Hebrew phrases adorn the walls and the classrooms are named after Israeli cities, with Israeli and American flags hanging from the walls. “We built a dual-language school with an appreciation of Hebrew language and Israel,” said Peter Katcher, the head of school. “The genesis of the [Israel] trip was as a culmination of this many years of study. The most important part of this is to have the respect and understanding of the culture.” As such, while specifically religious issues will be avoided on the trip, students will dip their toes into the Israeli-Arab conflict. The kids will visit the embattled Gaza border town of Sderot and the Lebanese border, where they will hear a talk from a local security expert. They will also hear a lecture by a legislator from the Labor party. “The conflict is obviously an important part of Israel and learning about Israel,” Lieberman said. “It’s not the main part of the trip. I also want to see what the students know and what their questions are because we built into this trip lots of different encounters with lots of different people.” And while Katcher said the group will stay out of the West Bank, they will visit eastern Jerusalem, which Israel has annexed but the international

community views as occupied territory. The itinerary includes a stop at the City of David, a Jewish-run archaeological park open to tourists in the hotly contested eastern Jerusalem Arab neighborhood of Silwan. Lieberman said the visit will focus on archaeology, and that the school didn’t consider the park’s location while planning the trip.

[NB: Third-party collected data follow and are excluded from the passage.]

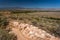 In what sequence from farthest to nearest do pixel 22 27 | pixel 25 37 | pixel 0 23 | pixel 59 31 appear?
pixel 0 23 → pixel 22 27 → pixel 59 31 → pixel 25 37

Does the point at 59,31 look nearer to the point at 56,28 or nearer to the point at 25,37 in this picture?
the point at 56,28

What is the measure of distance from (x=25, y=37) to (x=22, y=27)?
2.25 meters

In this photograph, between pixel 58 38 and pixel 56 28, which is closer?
pixel 58 38

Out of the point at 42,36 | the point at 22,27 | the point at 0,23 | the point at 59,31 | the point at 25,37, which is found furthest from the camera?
the point at 0,23

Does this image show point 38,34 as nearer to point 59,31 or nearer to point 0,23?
point 59,31

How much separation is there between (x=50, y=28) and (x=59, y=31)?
0.96 meters

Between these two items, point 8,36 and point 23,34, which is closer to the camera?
point 8,36

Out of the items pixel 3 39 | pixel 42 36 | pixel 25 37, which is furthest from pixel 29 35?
pixel 3 39

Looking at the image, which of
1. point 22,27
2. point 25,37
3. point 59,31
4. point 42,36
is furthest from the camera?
point 22,27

A trip to Israel is not inherently political or religious—just as a trip to France and the Notre-Dame Cathedral isn’t inherently Catholic, said Shaul Kelner, a Jewish Studies professor at Vanderbilt University, who focuses on Diaspora Jewish travel to Israel. “Language and culture are intimately connected,” he said. “The language instruction overall is never just about learning to speak in a different code. It’s about learning the culture connected to that code.” As it happens, for at least some of the kids going on the trip, the complexities of politics and religion are at best an afterthought. Justin Matushansky, 14, went to Israel last year to celebrate his bar mitzvah with his family. He’s mostly excited to eat when he returns in November. “They have really good burgers,” he said. “They had free samples of falafel. I want to try pita for falafel.”